Esto hacía que la presión laboral de Skye fuera enorme.
Ricardo llevó el café adentro.
Pero Bastien le encontró fallos, diciendo que no era ese el sabor, ¡y que lo hiciera de nuevo!
Al final, lo hizo muchas veces y Bastien no quedó satisfecho con ninguna…
Sin otra opción, Ricardo buscó a Skye con vergüenza:
—Señora, mejor hágalo usted misma. El señor no bebe el que yo preparo, ¡como si le hubiera echado veneno!
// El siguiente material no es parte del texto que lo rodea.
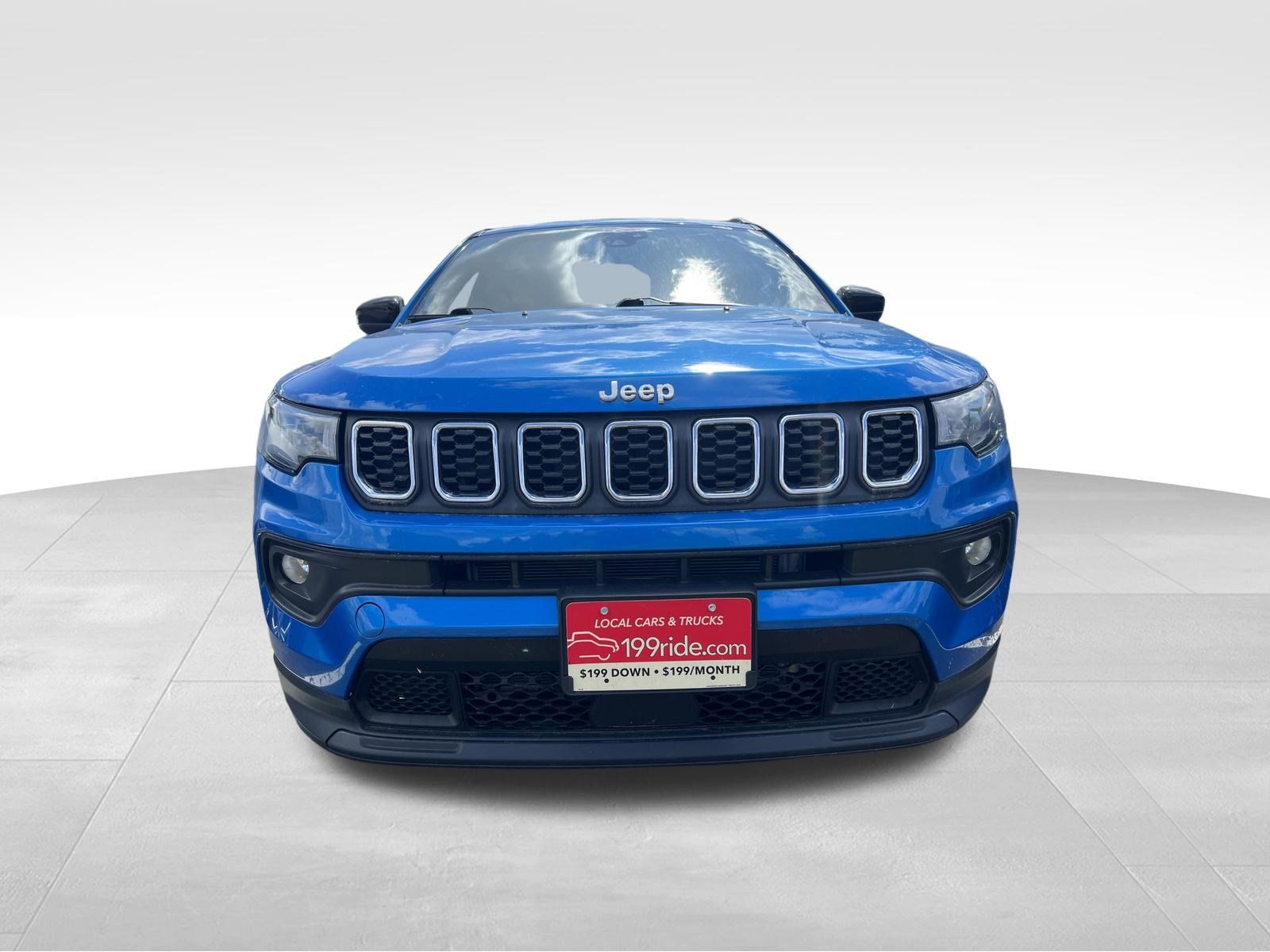 Used 2024 Jeep Compass Latitude AWD/4WD image 2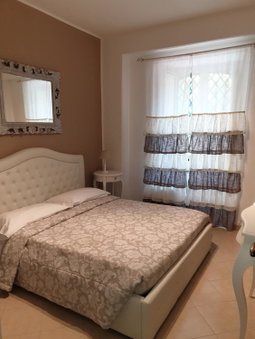Dimoramuri B&B, Catania, Italy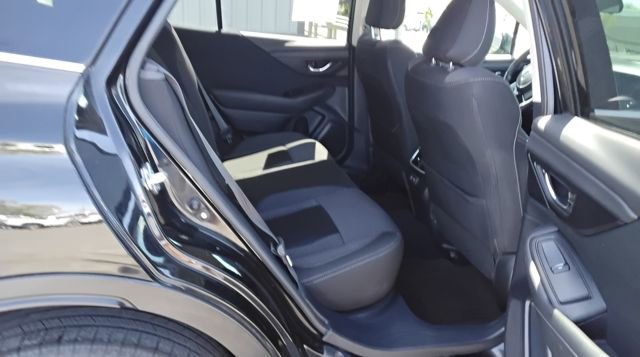 Used 2022 Subaru Outback Premium image 28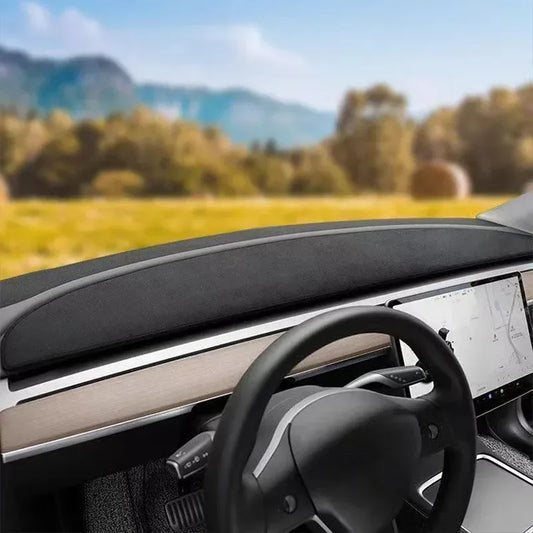 Armaturenbrett Anti-UV Mat Abdeckung Tesla Model 3 Y – SwissGlanzGarage Autopflege Schweiz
En fin, quería quedar bien con la “Señora”.
Pero en este asunto, no había forma de quedar bien.
Era como si el café que preparaba la señora tuviera un sabor especial que ellos no podían imitar de ninguna manera.
Skye asintió.
—Puedes retirarte, yo lo preparo.
Ricardo se fue.
Skye se apresuró a prepararle el café a Bastien.
Bastien era un adicto al trabajo; casi sin mirar, solo con un sorbo sabía si el café lo había hecho Skye o no.
Debido a este matrimonio, ahora en la empresa casi no dejaban que Skye hiciera nada más que prepararle café a Bastien.
¡Skye estaba aburridísima!
Llamó a Susana.
Cuando Susana escuchó por teléfono que Bastien le había hecho firmar un acta de matrimonio y que además decía que era necesario para un proyecto…
Susana sintió que algo no encajaba, ¡pero no podía decir exactamente qué!
Lo pensó un poco.
—¿Y te dio varios millones más?
—Sí, varios millones. Parece que el señor Gallagher realmente necesita esa firma.
—Tiene sentido, si no, ¿quién querría desperdiciar ese dinero? —respondió Susana.
¿Eran varios millones, no?
Para Bastien, parecía como si estuviera dando unos cuantos pesos, con total indiferencia.